# Fellow Profile: Matt Lafferty

**G-TEAMS Cohort:**2011-12-
**Graduate Program:**Mathematics -
**Teacher Partner:**David Romero -
**School:**Mountain View High School -
**Grade level:**9-12 -
**Topics:**Intermediate Algebra, Algebra II and College Ready Math

"As a mathematician, I would like to give students a broader perspective and better understanding of what mathematics is, and in doing so, hopefully impart some of my enthusiasm for the subject."

## Research Interests

Matt Lafferty is a graduate student in the Department of Mathematics at the University of Arizona. His research interests are in the area of algebraic number theory, specifically Iwasawa theory, modular forms and *L*-functions.

## Classroom Activities

Matt is working at Mountain View High School with David Romero. The focus of their partnership will be on creating exciting and interesting projects for the algebra and college ready math students that will allow them to utilize what they are learning in the classroom to solve real world problems. In addition, they hope to expose students to the broader world of mathematics, both its diverse areas of research and its history. Besides making lessons more fun and interesting, David and Matt hope this focus will:

- Increase student participation and interest in their math classes.
- Give students a better understanding of how mathematics is used to solve "real world" problems.
- Expose students to possible STEM careers.

## Lessons Learned

In the courses I have taught at the university level, I've had freshman and sophomore students that struggle with the course despite the fact that they did very well in their high school math classes.
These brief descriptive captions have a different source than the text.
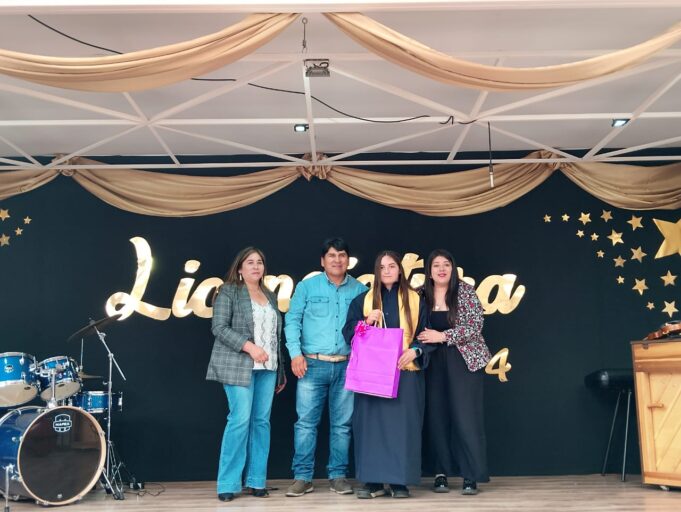 Estudiantes de la escuela artística Nuevo Horizonte de Pitrufquén se licencian de octavo básico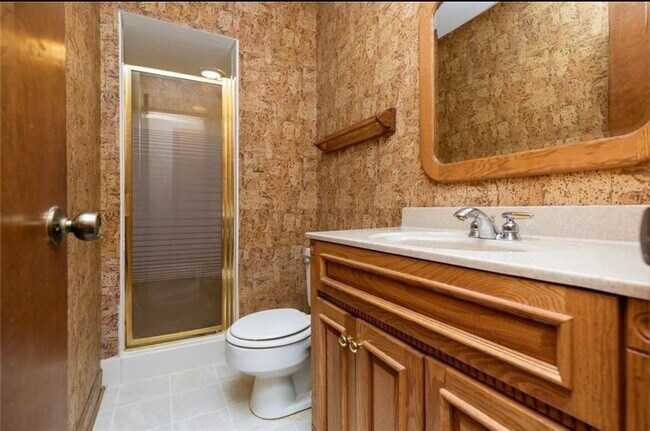 3/4 bathroom - 810 NW School St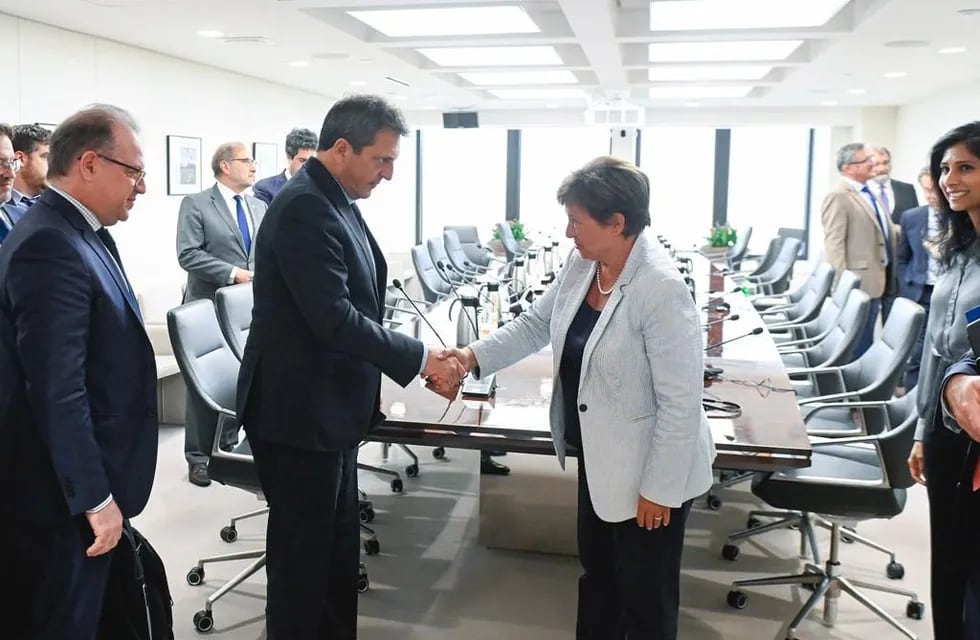 El ministro de Economía, Sergio Massa, y la titular del FMI, Kristalina Georgieva. Foto: Prensa Ministerio de Economía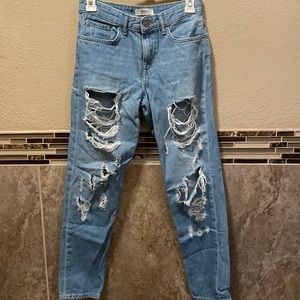 Super cute distressed mom/boyfriend jeans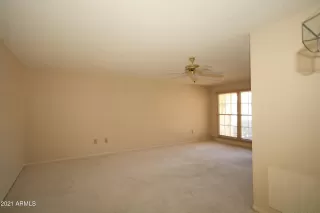 Photo #4: 6245767 Listing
Being over a decade removed from my own high school math courses, my understanding of why students were having this difficulty and consequently my ability to address it was limited. This year at Mountain View has taught me a great deal about how mathematics is taught at the high school level, and given me some insight into why this transition from high school to college in mathematics can be difficult for some. This insight will be invaluable for my college level teaching in the future, as it will allow me to organize my classes in such a way that I can ease this transition as much as possible. For example, while most of the high school students that I have worked with have memorized the formulas relevant to a given topic, very few of them truly understand the underlying concept, much less where these formulas come from. Because of this they not only see mathematics as an exercise in memorizing arbitrary rules, they have a great deal of difficulty adapting what they've learned to situations not covered in the textbook. To combat this, I would motivate the material by first discussing the types of problems we seek to solve, while tying it to previously covered concepts. Not only will this give students some perspective of where the material fits relative to what they've previously learned, it gives them a context from which they can see why one would want to employ a given formula or technique. In addition, the problems covered in class and in the homework assignments would consider problems from different perspectives and in different contexts. The hope being that this will allow students to better see and understand the underlying mathematical concepts.

## Teaching Materials

- Graphing linear data (pdf) - Students were given several sets of data. They were asked to graph the data in whatever way they liked, and use this graph to write a paragraph summarizing the behavior of the data. In addition, students can find their own line of best fit and use this line to make predictions.
- The Monty Hall problem (keynote) - You are on a game show and are presented with three doors. Behind one of the doors is a pile of money, behind the other two are goats. The host asks you to choose a door. Before opening your chosen your door, the host opens one of the other doors to reveal a goat. The host then give you the choice of sticking with your original door choice or switching to the unopened door. What should you do? This is known as the Monty Hall problem, and the answer is not what most people expect. This is a fun way to introduce experimental versus theoretical probability.
- Quadratic functions (powerpoint) - A lesson introducing quadratic functions.
- Solving quadratic equations by taking square roots (keynote) - A lesson showing students how to solve quadratic equations using square roots.
- Chaos theory (keynote) - A presentation on the Mandelbrot set, which was tied into the section on complex numbers.